Debbie was immersed into an oral program at home and once a week Debbie, at ten months of age, attended an auditory training program. With Joan’s professional training as a special education teacher, she knew, "Debbie was not dumb; she just had a problem hearing." Joan labeled everything in the house for Debbie. The furniture, doors, lights, toys, anything and everything was tagged with written words. At eighteen months old, Debbie attended a weekly oral program at both the Detroit Day School for the Deaf and Detroit Medical Rehabilitation Center.

With great joy, Joan told about the day her toddler responded to the word "BALL." Joan had said, “Debbie, go get your ball.” For the first time Debbie understood the motion or movement of a person’s mouth, their facial expression and body language all had meaning. Joan was pleased that Debbie was walking by age two. By age three Debbie attended all-day preschool. She did not learn any sign language in preschool. Joan remarked, "Some of the older kids signed a little. It was an oral program where Debbie was being taught to speak."

Debbie Wright as a kid.
Debbie Wright as a kid. (Source: Wright Family)

Debbie and her family broke ground for special education in the mainstream program and full-day kindergarten. Debbie was mainstreamed before a structure for mainstreamed education was understood. Joan recalls Debbie’s kindergarten IQ tested at 145, she was a very bright child.
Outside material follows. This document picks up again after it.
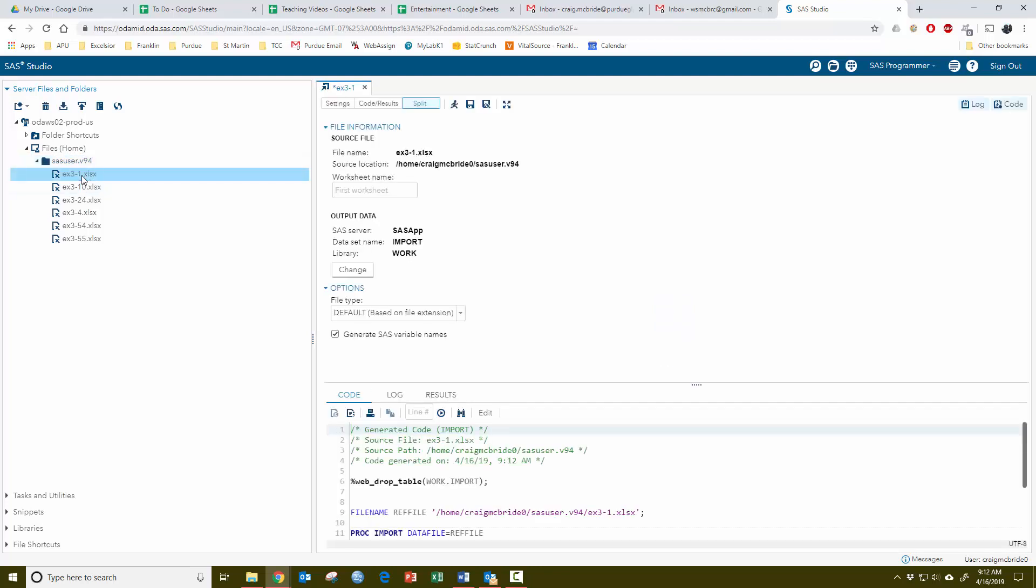If I double click on a file, it brings up this window menu system showing you where it's going to put this. It's going to put it into a data set called import in the library work. Down here is the code that it generates to import everything. Remember, nothing is done until you click run.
Debbie attended Detroit Day School for the Deaf for morning kindergarten classes in an oral program. In the afternoon she went to a regular kindergarten classroom in the public Grosse Pointe Schools. There Debbie was included in class with the hearing world (this practice, when children with special needs are educated in regular classrooms, is called mainstreaming).

The U.S. Department of Education began to realize a shift in education for special needs children. Half-day kindergarten was the model of education until recent years, then full-day kindergarten had become the new standard. The Education for All Handicapped Children Act of 1975 passed when Debbie was six years old. Over the years more acts were passed to improve the education provided for children classified as handicapped. Today IDEA, Individuals with Disabilities Education Act 2004, is in place in our public school system.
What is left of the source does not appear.